Coleman v Buehrle Engineering Co., 2006 ACO #301
At the time of his death, the employee was living with his mother and brother. The issues in this case were whether his mother, Carrie, and his brother, Charles, were partially dependent on the decedent and, if so, at what rate the partial dependents’ benefits should be paid.

The defendants argued that the Magistrate erred by finding Carrie and Charles partially dependent on the deceased based on errors in his calculations. The Commission held that in death cases, there is no requirement that it be shown the decedent contributed over 50% of the dependant’s support. All that must be shown in a death case is that the decedent contributed to their support. (Note: please contrast this with Sec. 353 of the WDCA. That section requires a showing that the worker contribute over 50% of the dependant’s support when calculating benefits in non-death cases).

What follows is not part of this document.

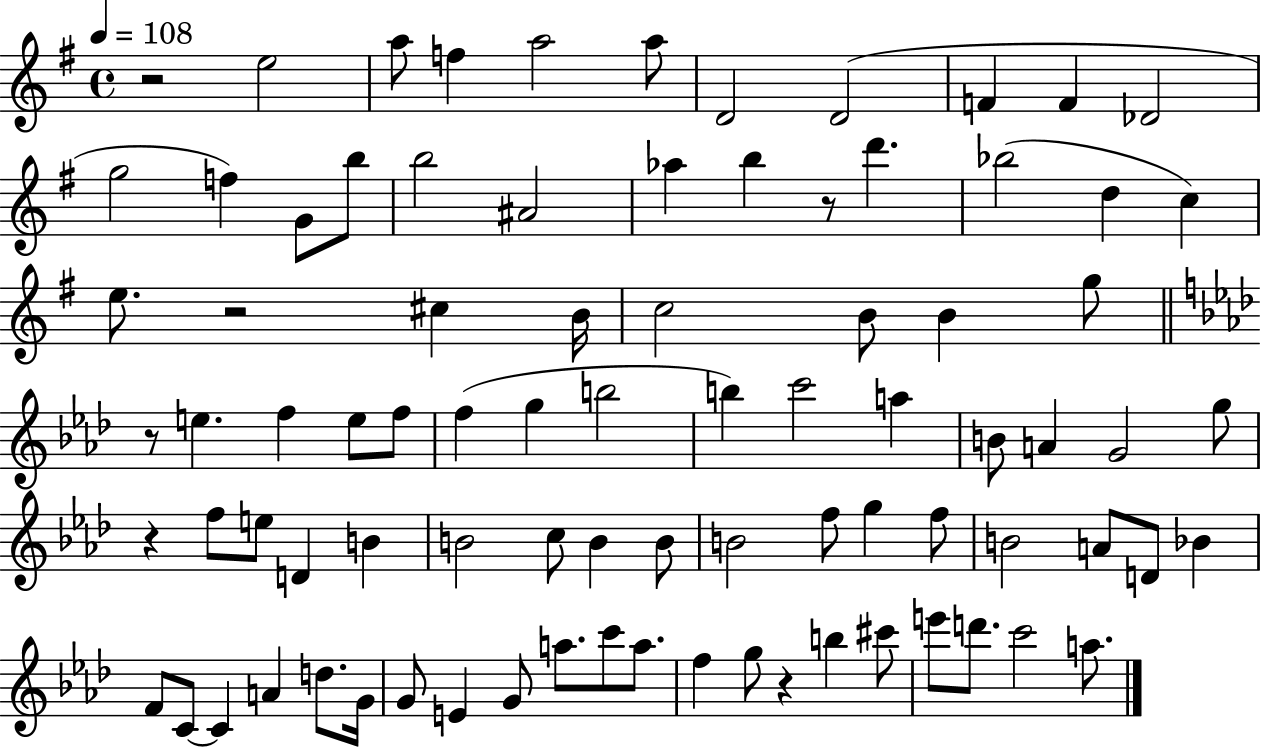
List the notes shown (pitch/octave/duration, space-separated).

Section 321 of the WDCA provides that death benefits equaling 80% of the decedent’s after-tax average weekly wage should be paid to wholly dependents. If there are no whole dependents, partial dependents should receive a proportional amount of the 80% after-tax average weekly wage that the decedent contributed to the partial dependents out of his annual earnings.

The Commission was now left with the daunting task of trying to calculate the decedent’s contribution to each dependent. It was determined that the controlling case law on this issue is Lesner v Liquid Disposal, Inc, 466 Mich 95 (2002). The Commission determined that the Magistrate erred by failing to consider the decedent’s contribution to the total household income. The Commission used their fact-finding authority to calculate the appropriate benefits.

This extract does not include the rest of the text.